Because live syncing happens in sessions - it is inevitable that after a session is completed - the downstream peer disconnects and will be missing chunks that arrive later.
For this purpose the downstream peer will make a note about the timestamp of the last synced chunk on disconnect.
The point of the interval based approach is to cover those gaps that inevitably arise in between syncing sessions.
To save bandwidth, before the contents of the chunk is being sent over the wire, the upstream will sent a range of chunk addresses for approval. If the downstream decides that some (or all) addresses are desired - a confirmation message is sent to the upstream, to which it responds with the chunks mentioned in the request.
Appendix
The protobuf definitions
// Copyright 2020 The Swarm Authors. All rights reserved.
// Use of this source code is governed by a BSD-style
// license that can be found in the LICENSE file.
syntax = "proto3";
package pullsync;
option go_package = "pb";
message Syn {}
message Ack {
repeated uint64 Cursors = 1;
}
message Get {
int32 Bin = 1;
uint64 Start = 2;
}
message Chunk {
bytes Address = 1;
bytes BatchID = 2;
}
message Offer {
uint64 Topmost = 1;
repeated Chunk Chunks = 2;
}
message Want {
bytes BitVector = 1;
}
message Delivery {
bytes Address = 1;
bytes Data = 2;
bytes Stamp = 3;
}
Peer rating
When choosing a peer in relation to a given address - in addition to the distance between them - the Kademlia component will take into account two other factors:
- the historical performance of the given peer, both in terms of latencies and past occurrences of protocol misalignments.
- the accounting aspect, peers with whom we have higher credit will be preferred.
- we should also prioritise those downstream peers that managed to produce responses in a previously computed amount of time (that would take into consideration the average time needed for a hop multiplied by the expected number of hops needed to reach a target neighborhood).
Kademila should be indexing peers by their proximity order and peers rating in order to prioritize peers based on their expected performance.
Decision strategy
An optimal decision strategy will take into account both proximity order and peer rating to select (out of all connected peers) the best one to pass down the request.
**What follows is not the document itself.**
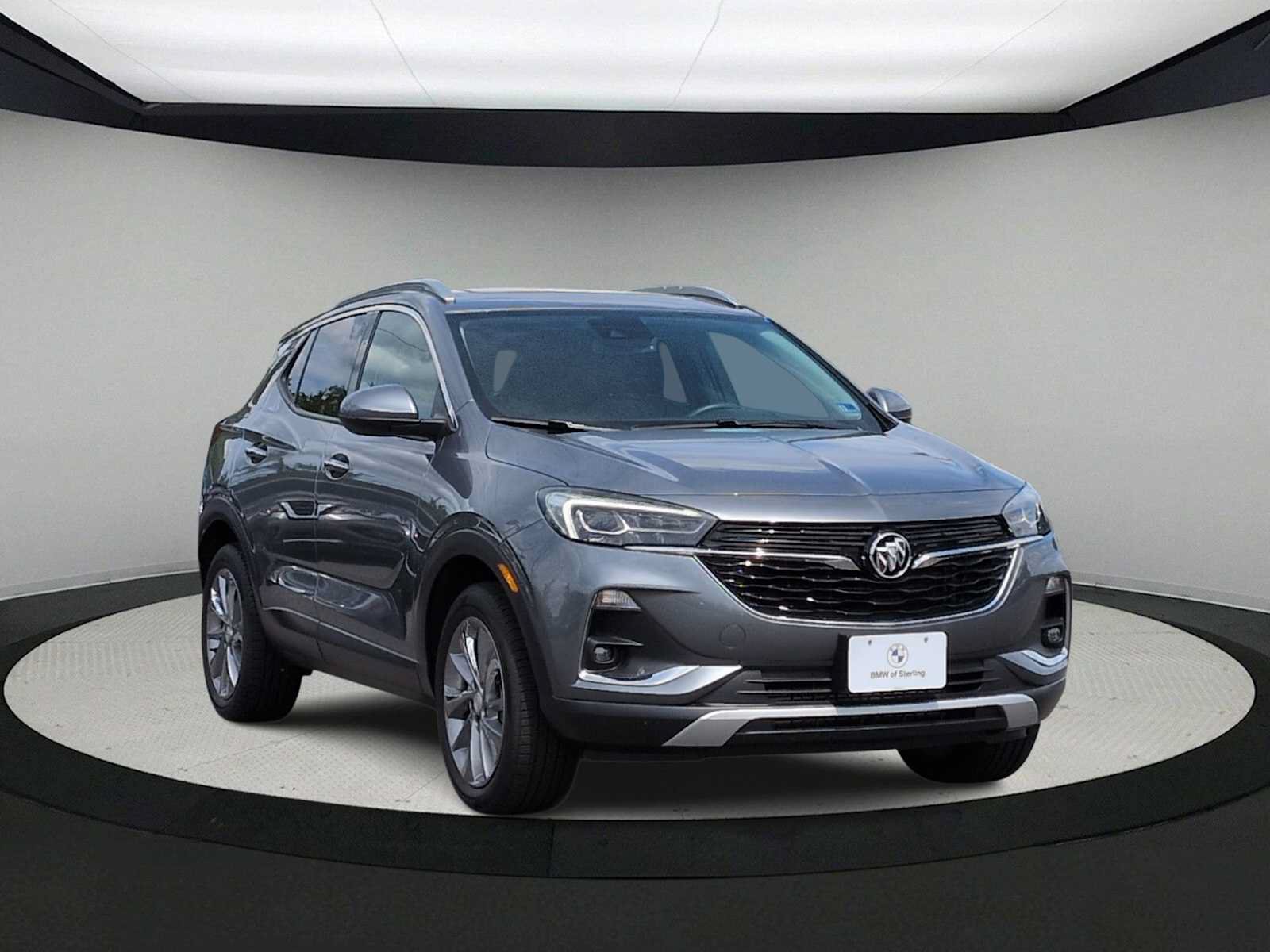 Used 2022 Buick Encore GX Essence w/ Experience Buick Package AWD/4WD image 2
At the implementation level the Kademlia component will offer (in exchange for a given address) a stateful iterator that the client (protocol) will use to get the "next-best" peer.
Transport
A reliable network transport is required for the proper functionality of DISC protocols.
It can be a distinct component whose responsibilities would be ensuring delivery, re-tries on network issues and timeouts and optimal use of network related resources.
One example of usage for such a component could be embedding into the Kademlia driver so that the topology component is only concerned with overlay related operations, abstracting away any low level transport concerns.